Partager

Le samedi 19 septembre 2026 marquera sans doute un tournant décisif dans l’histoire économique du sud du Sénégal. En posant la première pierre du complexe agro-industriel SM10 AGRO dans son village natal de Bambali, l’international sénégalais Sadio Mané a officiellement endossé un nouveau costume : celui de capitaine d’industrie. Avec un investissement colossal de 11,7 milliards de francs CFA (environ 17,8 millions d’euros), l’attaquant délaisse le strict mécénat social pour s’attaquer au nerf de la guerre du développement africain : l’industrialisation et la création d’emplois de masse. L’annonce de plus de 1 000 postes directs créés dès le lancement de ce parc résonne comme un électrochoc dans un pays où le chômage des jeunes alimente les drames de l’émigration clandestine. Mais au-delà de l’enthousiasme populaire, ce méga-projet soulève une interrogation économique majeure : un investisseur privé, fût-il une icône nationale, peut-il réussir à structurer une filière agricole complète et à retenir les jeunes là où des décennies de politiques publiques peinent historiquement à produire des résultats tangibles ?

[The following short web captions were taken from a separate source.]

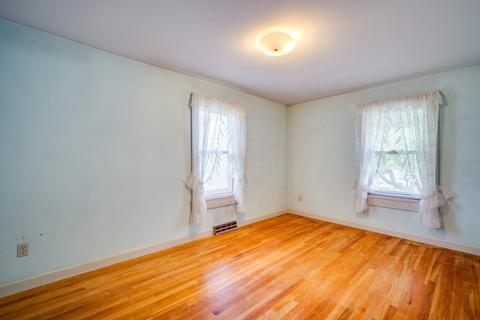 2 Williams St, Ludlow, MA 01056 photo 15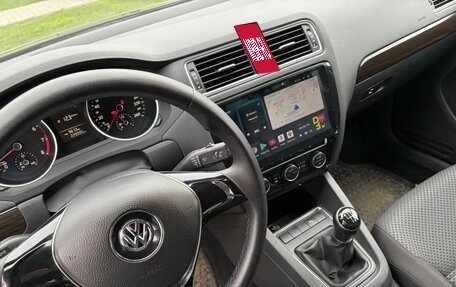 Volkswagen Jetta VI, 2015 год, 960 000 рублей, 5 фотография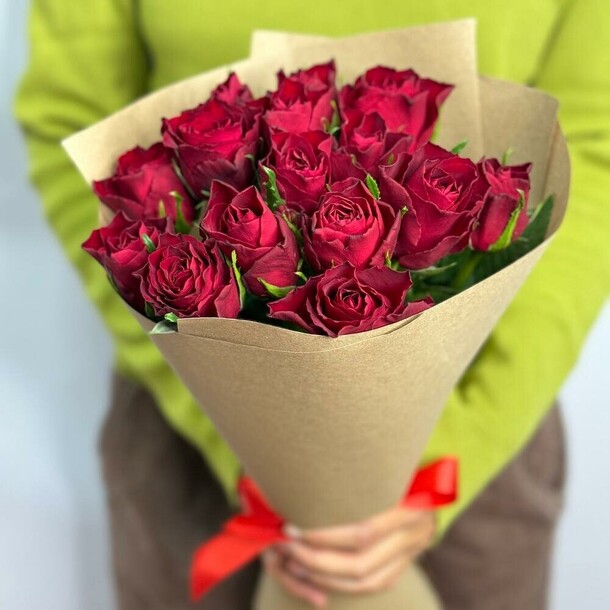 15 красных роз, артикул F1353822 - 9515 рублей, доставка по городу. Flawery - доставка цветов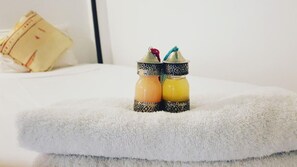 Shower, free toiletries, hair dryer, towels - Riad Lalla Mira (Essaouira)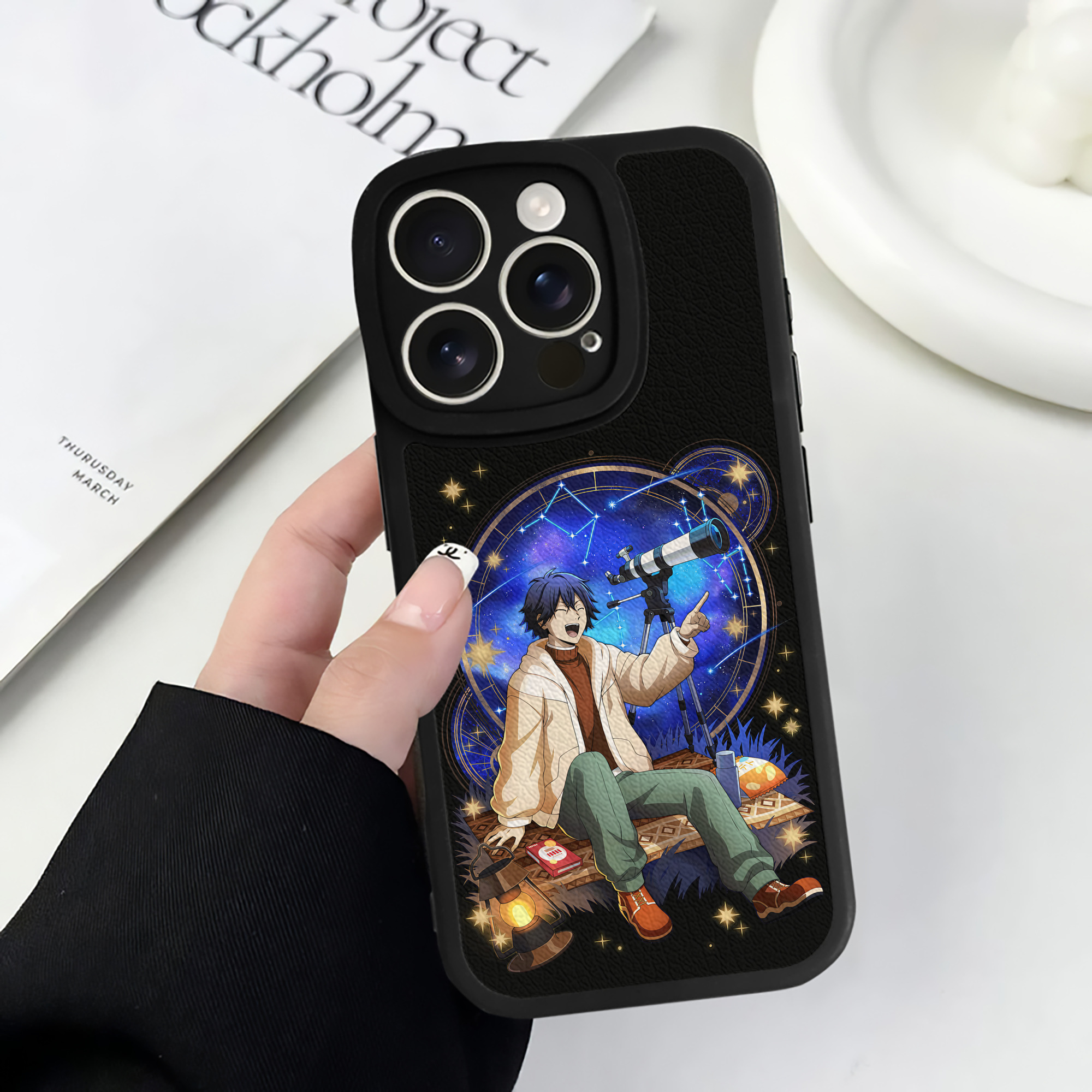 （画像用） 文豪ストレイドッグス Bungo Stray Dogs 【iPhone 16シリーズ対応】シリコンスマホケース（レザー調） 材質：シリコン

SM10 AGRO : les chiffres vertigineux d’un changement de dimension

L’action philanthropique de Sadio Mané à Bambali était déjà mondialement saluée. La construction d’un lycée moderne, d’un hôpital de référence, d’une mosquée et d’infrastructures de télécommunication avaient progressivement extirpé cette localité de la région de Sédhiou de son isolement historique. Cependant, avec la présentation officielle du projet SM10 AGRO effectuée le 17 septembre à Dakar, le double Ballon d’Or africain opère un changement d’échelle radical. Il ne s’agit plus de financer uniquement des services sociaux vitaux, mais d’injecter des capitaux massifs dans l’outil de production productif.

Le complexe agro-industriel repose sur des fondamentaux techniques particulièrement ambitieux. Le projet prévoit l’aménagement progressif de 500 hectares de vergers, destinés à accueillir environ 78 000 manguiers. Selon Aminata Tope, directrice adjointe de SM10 AGRO, la première récolte de cette plantation géante est attendue d’ici trois ans. Mais la véritable révolution économique se trouve dans la chaîne de valeur ajoutée : l’unité de transformation.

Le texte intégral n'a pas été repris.